Daily Archives: October 16, 2019

MMT: REPORT FROM THE FRONT (PART 3)

By L. RANDALL WRAY

In this part, I’ll resume with comments on the critical contributions to the special issue of rwer. We finished Part 2 with a discussion of the shocking lack of citations to MMT literature in the critiques—especially the dearth of citations to the more academic contributions (as opposed to the summaries of MMT written for undergrads and the general public). Let me return to the oversight of contributions made by scholars such as Fullwiler and Tymoigne—who have mostly written academic pieces.

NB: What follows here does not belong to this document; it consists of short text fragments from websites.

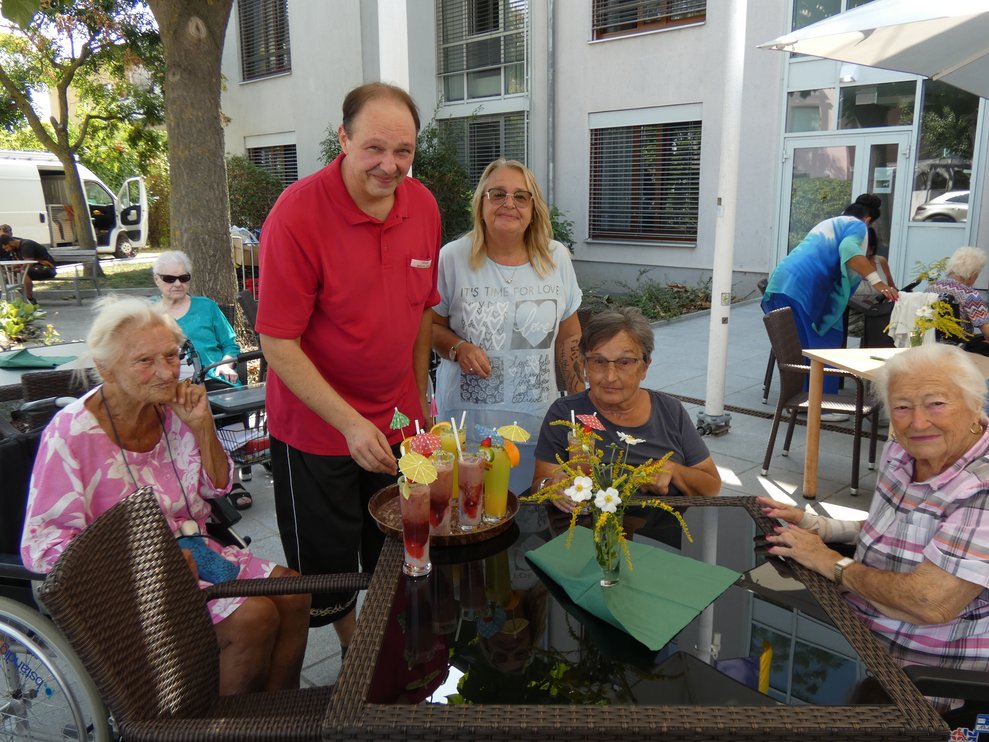 Menschen mit Cocktails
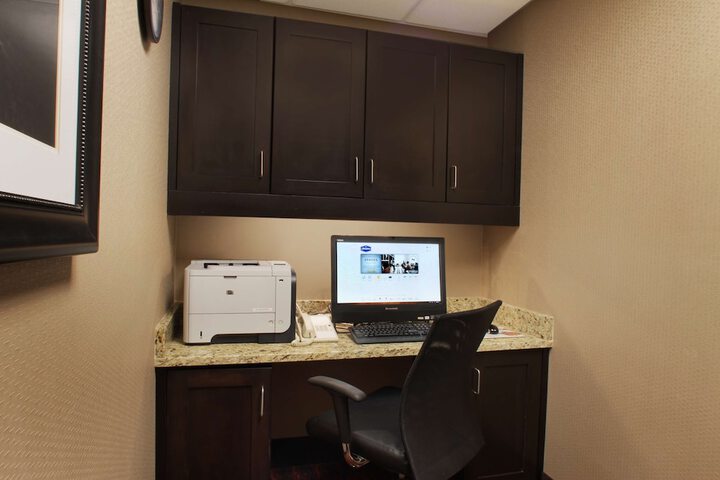 Business Center 30 of 30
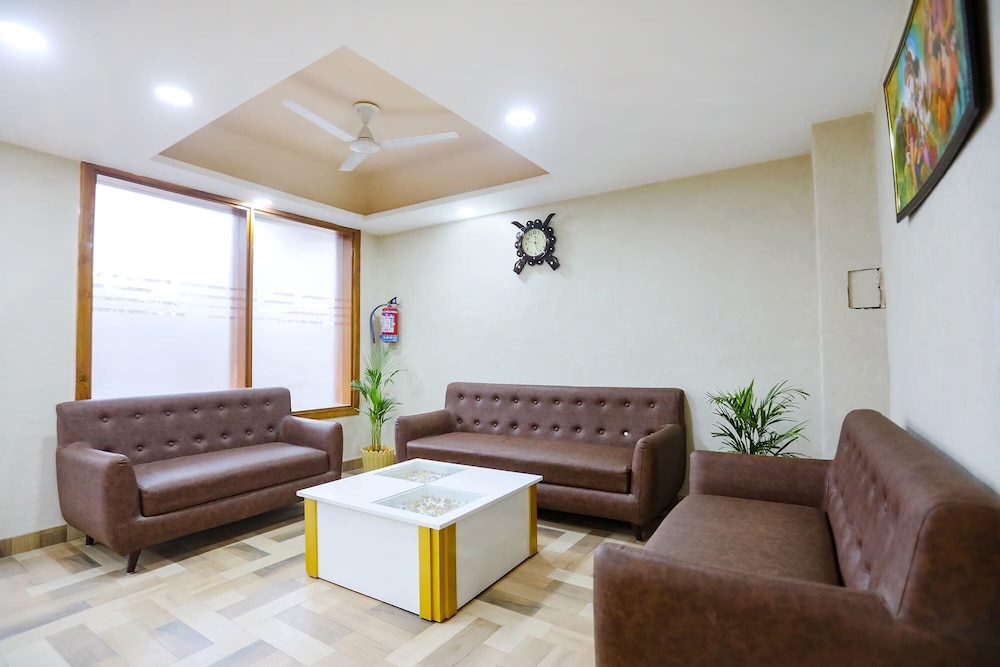 Fabhotel Signature Inn I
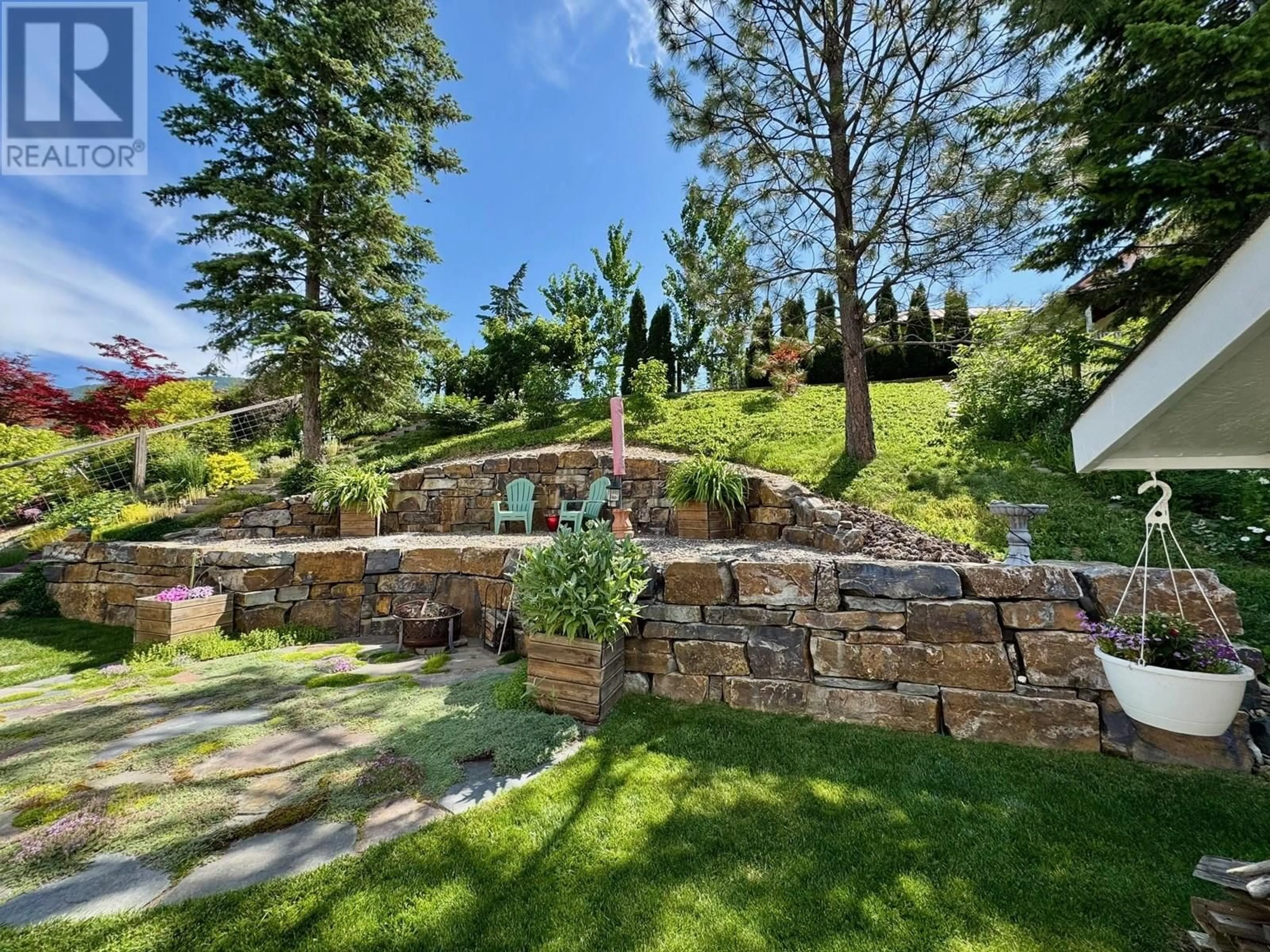 Patio, mountain view for 412 6TH AVENUE SOUTH, Creston British Columbia V0B1G3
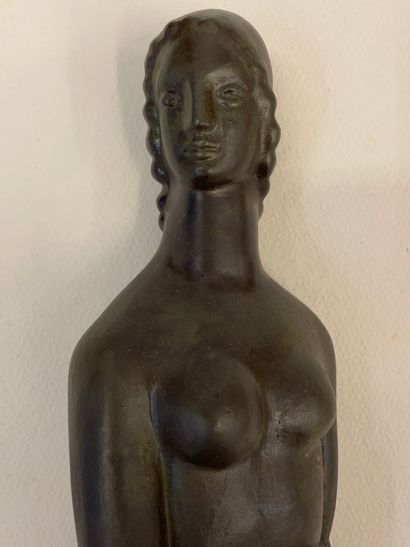 null AGUILAR (Fidel). "Mujer" (1915). Terracotta sculpture. Size : 41 x 9 x 9 cm....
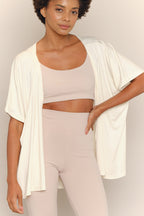 conjunto para yoga com kimono Iná yoga wear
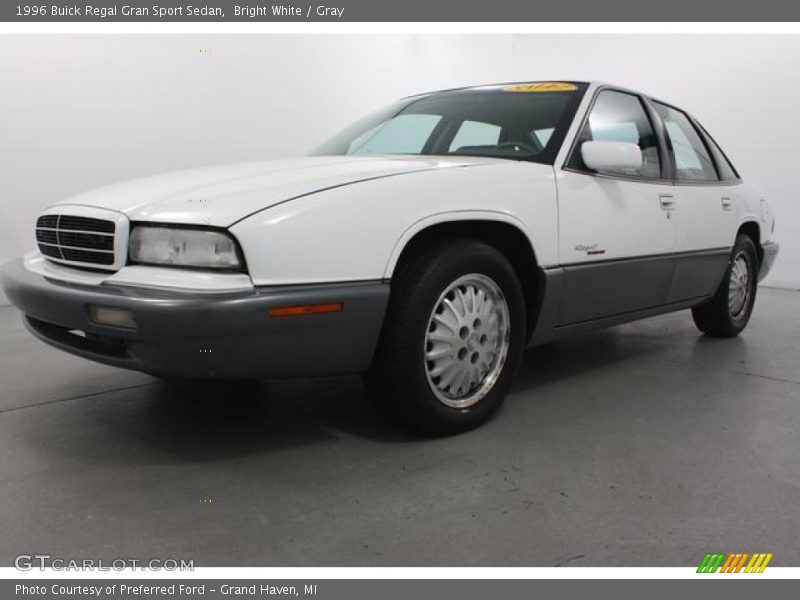 Bright White / Gray 1996 Buick Regal Gran Sport Sedan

Sawyer does cite Fullwiler (although with the name misspelled! If he was my undergrad student, I would chew him out—at least get the damned names spelled correctly!). In his piece, which is largely an exposition that parallels MMT but is disguised as a critique, he wants to argue that MMT doesn’t properly distinguish between what circuitistes call initial versus final finance (Davidson has a similar distinction). But in reality, I have long used the circuit approach in my exposition—including in my own contribution to the rwer issue. The initial finance of government spending is created when the spending occurs, and today takes the form of two balance sheet credits: the deposit account of the recipient and the reserve account of the recipient’s bank. Sawyer seems to mostly agree with that. But according to Sawyer, MMT ignores the point that because bond sales and tax revenues logically follow government spending and can be seen as the funding stage. However, Eric Tymoigne made exactly this point in a 2014 article, arguing: “Put in terms of the circuit approach, taxes and bond offerings are part of final finance (funding).” So Sawyer is just wrong about this.